Problem statement: The following data needs to be repeated exactly, with all images excluded.

Dataset:
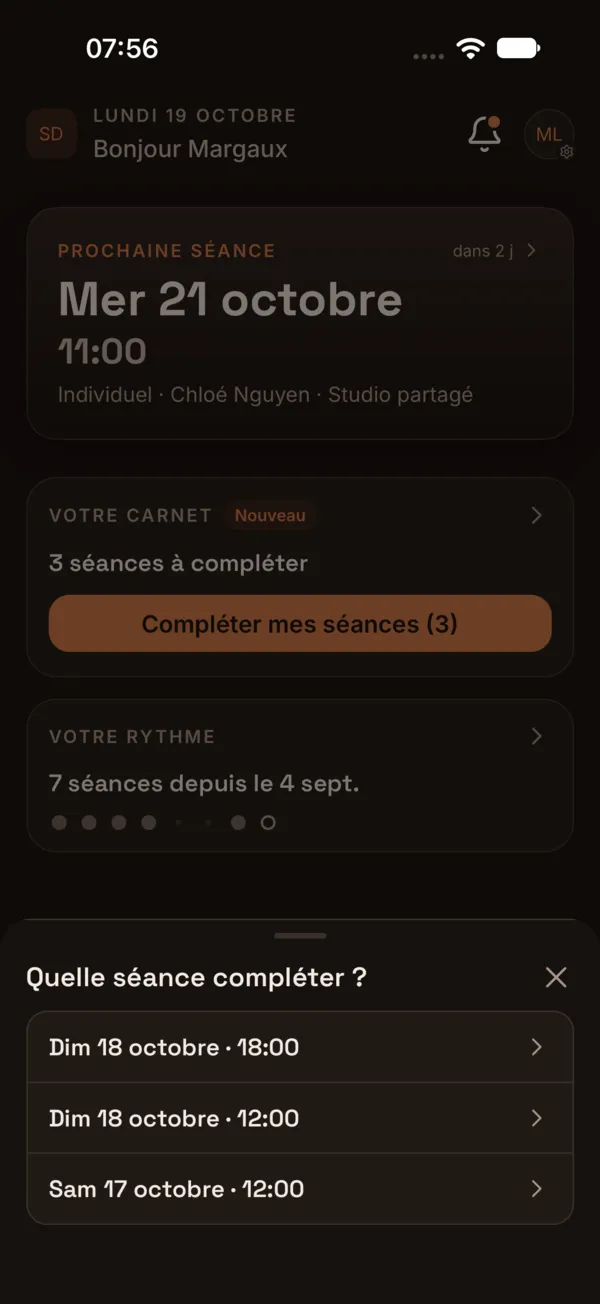 Choix de la séance à compléter dans le carnet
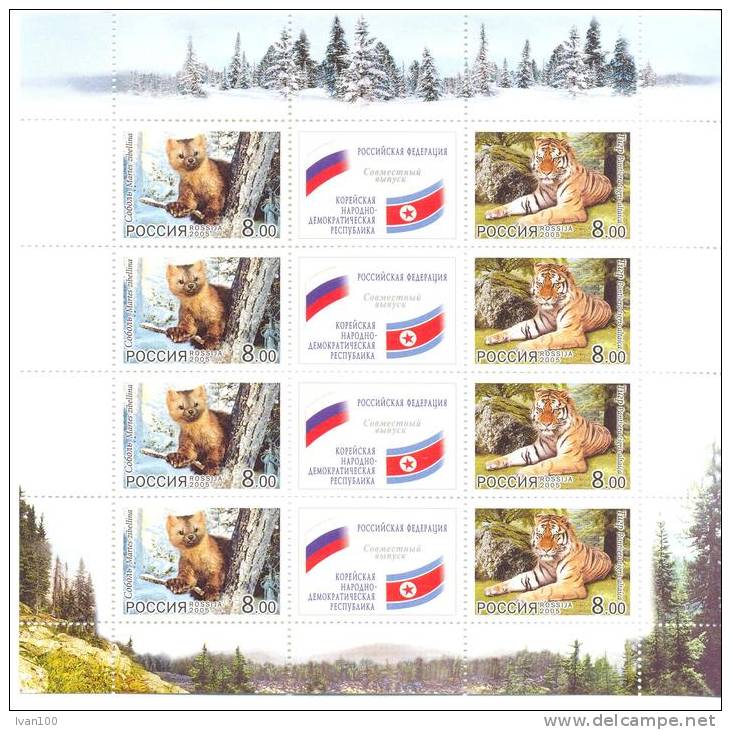 2005. Russia, Protect Of Wildlife, Sheetlet, Joint Issue With N. Korea, Mint/** - Blocs & Hojas
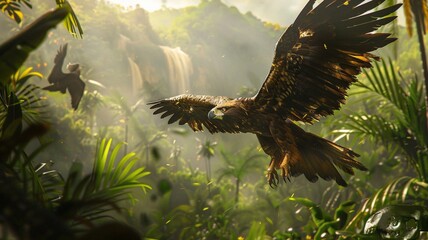 Anthropomorphic artistic image of jungle raptor in distance 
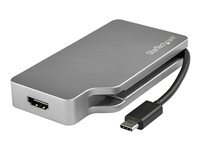 Startech.com Gris Adaptateur Multiport Usb-C Avec Hdmi/Vga/Mini Displayport Ou Dvi - Convertisseur Usb Type C Vers Hdmi 2.0 Ou Mdp 1.2 (4K60hz) - Vga Ou Dvi (1080P) - Aluminium Spatial - Neuf - Image 2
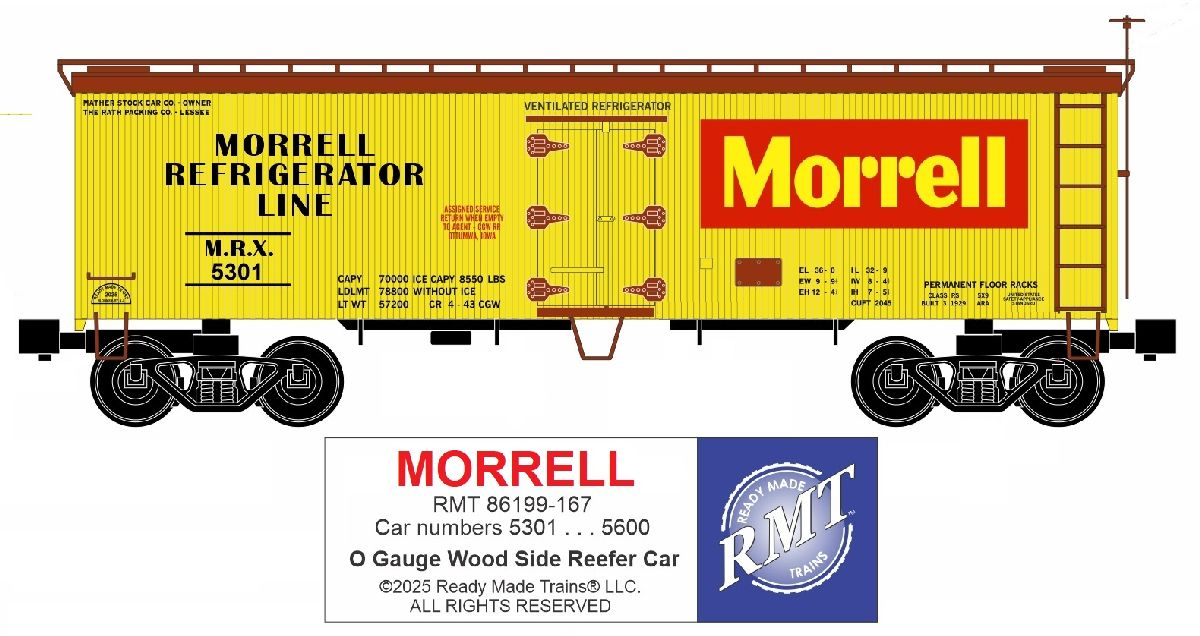 RMT 86199-167 O Morrell Meats Woodside Reefer Car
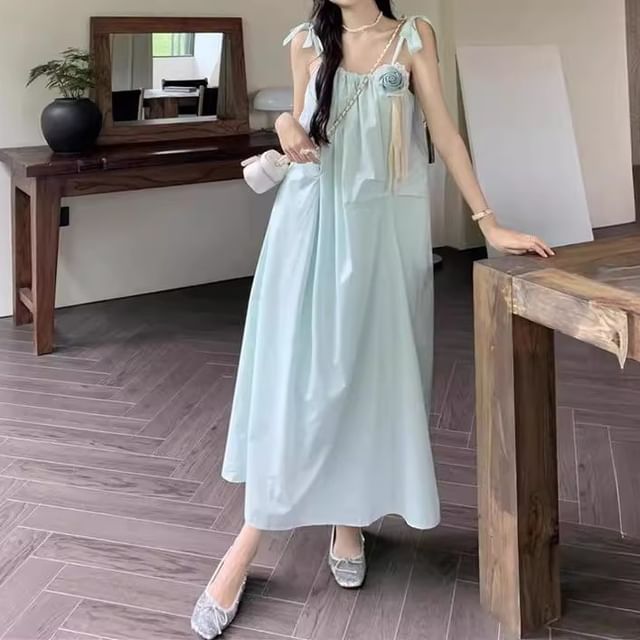 Spaghetti Plain Maxi Detail Flower Sundress Strap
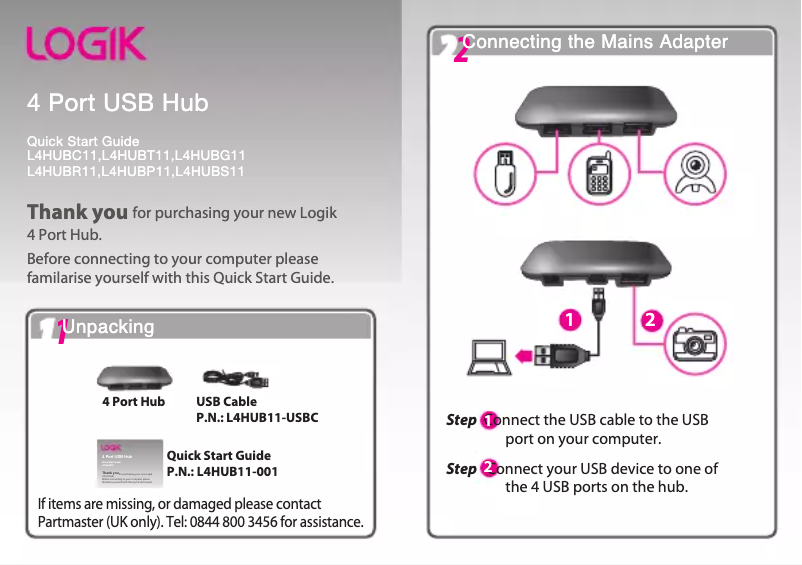 Página 1 del manual Manual de usuario Logik L4HUBS11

Task response:
 Choix de la séance à compléter dans le carnet
 2005. Russia, Protect Of Wildlife, Sheetlet, Joint Issue With N. Korea, Mint/** - Blocs & Hojas
 Anthropomorphic artistic image of jungle raptor in distance 
 Startech.com Gris Adaptateur Multiport Usb-C Avec Hdmi/Vga/Mini Displayport Ou Dvi - Convertisseur Usb Type C Vers Hdmi 2.0 Ou Mdp 1.2 (4K60hz) - Vga Ou Dvi (1080P) - Aluminium Spatial - Neuf - Image 2
 RMT 86199-167 O Morrell Meats Woodside Reefer Car
 Spaghetti Plain Maxi Detail Flower Sundress Strap
 Página 1 del manual Manual de usuario Logik L4HUBS11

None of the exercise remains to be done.